__Exercise requirements__.
What you return must be the full listing, word for word, with no images in it.

__Provided material__.
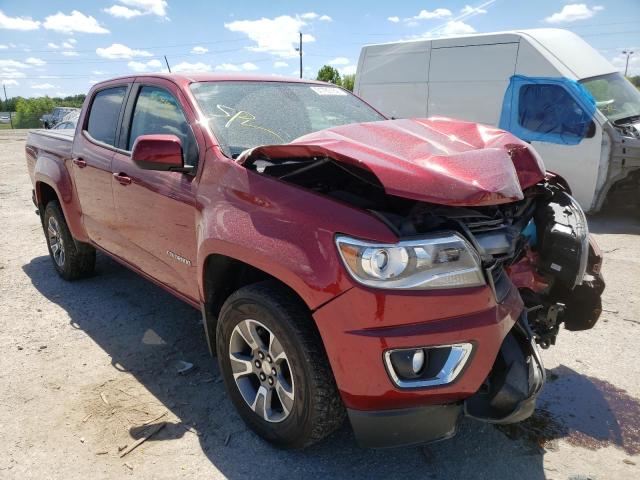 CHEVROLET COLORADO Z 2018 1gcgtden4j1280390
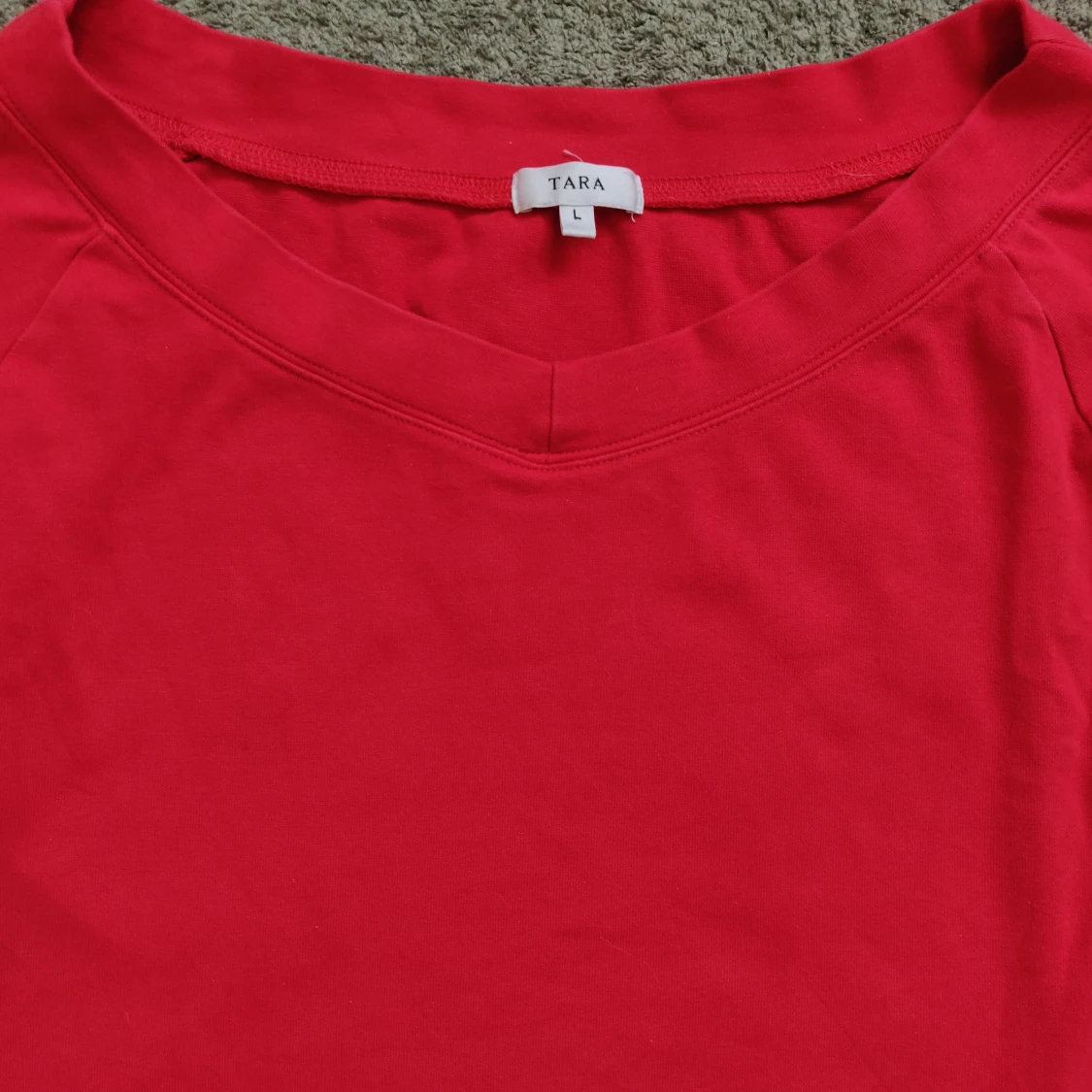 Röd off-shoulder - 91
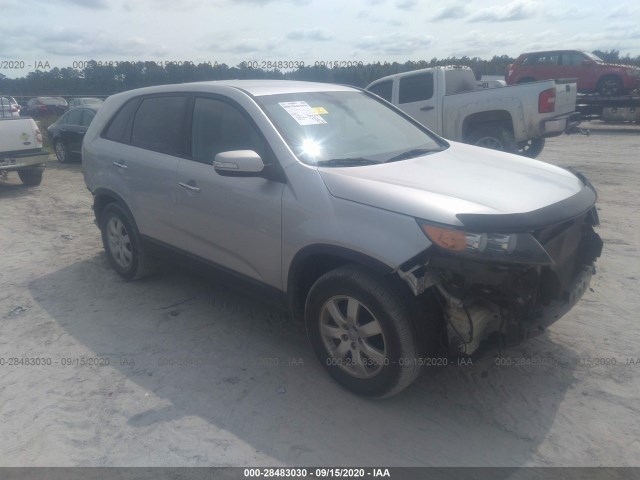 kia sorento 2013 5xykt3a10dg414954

__Response to this exercise__.
 CHEVROLET COLORADO Z 2018 1gcgtden4j1280390
 Röd off-shoulder - 91
 kia sorento 2013 5xykt3a10dg414954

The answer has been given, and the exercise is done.